Truth and Falsehood...

There is no moral or practical reason to believe that which is false or to ascribe tradition to impious customs. If a teaching is false then you should not believe in it. If a custom is ostensibly bad then you should not practise it. Furthermore, people have no right to profess false teachings or to defend impious customs. Christianity is true. Orthodox Christianity is the "truest" manifestation of Christianity, being that Church which has preserved true patristic episcopacy and theology down to our own times. Romanism is false. Its theology is rotten and its traditions are distorted. Because its teachings are false and its customs are evil, men have no right to profess Romanism. The same goes for any other religion.

There seems to be a fundamental dishonesty and treachery to religious integrity to say that other people have the right to maintain their erroneous beliefs unmolested in spite of true Christianity. Blurring the distinction between truth and falsehood for the sake of sparing somebody's feelings is a sin.

Monday, 21 July 2014

The evils of tolerance...

If tolerance of other peoples' false beliefs and customs were an Apostolick tenet then there'd be no Christian faith to-day. If St Paul had said to the Galatians, "oh you know, I respect your rights to carry out genital mutilation and to carry on adhering to the Law," what would be the state of the churches in Galatia? Or if the Synod of Whitby found that it had no right to impose orthodox Roman customs upon the Celts, what would be the state of Christianity in seventh century Northumbria? Or, speaking generally, what of evangalisation? Do Christians not have a duty to evangelise? What's the point of sending out missions to pagan villages if, upon arrival, they just say, "oh, we understand that you believe in pagan gods and human sacrifice; we believe in Jesus Christ, but we'll just agree to differ because we don't wish to cause offence to anybody." What a waste of time! Liberalism is completely incompatible with Christianity.

Sunday, 20 July 2014

Some principles...

As I have said, I am broadly in sympathy with those efforts that are to enshrine or revive "Western" rites within Orthodoxy. However, there are dangers. Not just in terms of doctrine and culture but in terms of arbitrary liturgical experimentation and vandalism. There is also the danger that practitioners are just disaffected Anglicans or Papists wishing to continue on as they were accustomed within their respective communions within Orthodoxy - that, in my view, defeats the whole purpose of conversion.
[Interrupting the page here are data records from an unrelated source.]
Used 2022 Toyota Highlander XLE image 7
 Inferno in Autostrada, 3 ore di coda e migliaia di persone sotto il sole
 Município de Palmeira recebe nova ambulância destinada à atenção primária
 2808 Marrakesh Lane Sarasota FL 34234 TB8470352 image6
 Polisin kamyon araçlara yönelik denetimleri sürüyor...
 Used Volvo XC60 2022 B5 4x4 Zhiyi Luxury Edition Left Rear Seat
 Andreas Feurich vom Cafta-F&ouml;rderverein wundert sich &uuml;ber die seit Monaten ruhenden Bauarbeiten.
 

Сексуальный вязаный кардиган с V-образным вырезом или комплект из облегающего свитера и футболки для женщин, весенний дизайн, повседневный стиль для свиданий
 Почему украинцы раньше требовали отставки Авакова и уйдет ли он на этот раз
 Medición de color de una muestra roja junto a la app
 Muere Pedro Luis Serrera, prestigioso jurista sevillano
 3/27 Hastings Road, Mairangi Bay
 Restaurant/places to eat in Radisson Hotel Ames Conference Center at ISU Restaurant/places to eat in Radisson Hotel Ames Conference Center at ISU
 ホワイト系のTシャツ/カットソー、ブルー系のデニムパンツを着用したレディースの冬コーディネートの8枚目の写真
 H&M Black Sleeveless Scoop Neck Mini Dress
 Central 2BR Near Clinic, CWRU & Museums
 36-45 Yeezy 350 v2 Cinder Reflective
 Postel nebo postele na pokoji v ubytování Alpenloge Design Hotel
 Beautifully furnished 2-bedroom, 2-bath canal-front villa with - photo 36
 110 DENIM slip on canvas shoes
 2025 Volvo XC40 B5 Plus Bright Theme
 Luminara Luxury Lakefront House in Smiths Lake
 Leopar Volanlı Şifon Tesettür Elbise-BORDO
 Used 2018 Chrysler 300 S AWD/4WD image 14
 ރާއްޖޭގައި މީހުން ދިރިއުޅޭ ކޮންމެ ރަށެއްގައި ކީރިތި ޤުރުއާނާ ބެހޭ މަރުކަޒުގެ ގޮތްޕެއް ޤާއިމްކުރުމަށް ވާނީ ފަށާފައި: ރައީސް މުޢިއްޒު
However, before anybody even thinks about Western Rite Orthodoxy then some principles need to be established and some problems need to be addressed. One of the most important, if not the most important, is the question of jurisdiction. In London, for example, there are many Orthodox jurisdictions, the Russians, the Greeks, the Serbs, etc. each with their own bishop. Quite simply this is due to immigration. The problem, of course, is that having more than one bishop within a diocese flies in the face of the Holy Canons. This canonical, but still inevitable, irregularity cannot be allowed to continue but at the same time it cannot be rectified in a day. For most ethnic Orthodox in the UK their religion is one of the dearest connexions they have to their homeland and so to have a bishop and clergy of their own language and custom is, for the time being, a pastoral necessity. I would see the creation of an autocephalous British Orthodox Church, with her own Patriarch and all churches in the land coming under one jurisdiction. I don't know how we would go about that; it might take several generations yet, but celebrating liturgies in English would be a fitting start. Then comes the question of the Kalendar. There is no beating about the bush here: the venerable Julian Kalendar is that kalendar committed to us by the Church. The revision or replacement thereof is deference to the authority of Romish popes and secularisation of the liturgical cycle. The British Orthodox Church would adopt the Julian Kalendar or be accursed.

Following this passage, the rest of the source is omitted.